> **What this task involves**: The reply should consist of the line containing "4-Pack Single Toggle" and all lines after it in the listing below, reproduced exactly and nothing more.

=== Material for this exercise ===

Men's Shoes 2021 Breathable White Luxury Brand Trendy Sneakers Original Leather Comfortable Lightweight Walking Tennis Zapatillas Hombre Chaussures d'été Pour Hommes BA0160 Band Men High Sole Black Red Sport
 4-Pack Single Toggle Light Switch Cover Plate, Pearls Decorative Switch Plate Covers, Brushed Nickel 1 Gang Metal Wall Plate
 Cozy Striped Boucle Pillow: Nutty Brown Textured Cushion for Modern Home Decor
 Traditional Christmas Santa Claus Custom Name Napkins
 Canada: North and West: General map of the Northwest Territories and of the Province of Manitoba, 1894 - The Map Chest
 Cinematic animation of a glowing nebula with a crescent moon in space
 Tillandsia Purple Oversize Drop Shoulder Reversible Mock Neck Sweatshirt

===

> **Result below**:
 4-Pack Single Toggle Light Switch Cover Plate, Pearls Decorative Switch Plate Covers, Brushed Nickel 1 Gang Metal Wall Plate
 Cozy Striped Boucle Pillow: Nutty Brown Textured Cushion for Modern Home Decor
 Traditional Christmas Santa Claus Custom Name Napkins
 Canada: North and West: General map of the Northwest Territories and of the Province of Manitoba, 1894 - The Map Chest
 Cinematic animation of a glowing nebula with a crescent moon in space
 Tillandsia Purple Oversize Drop Shoulder Reversible Mock Neck Sweatshirt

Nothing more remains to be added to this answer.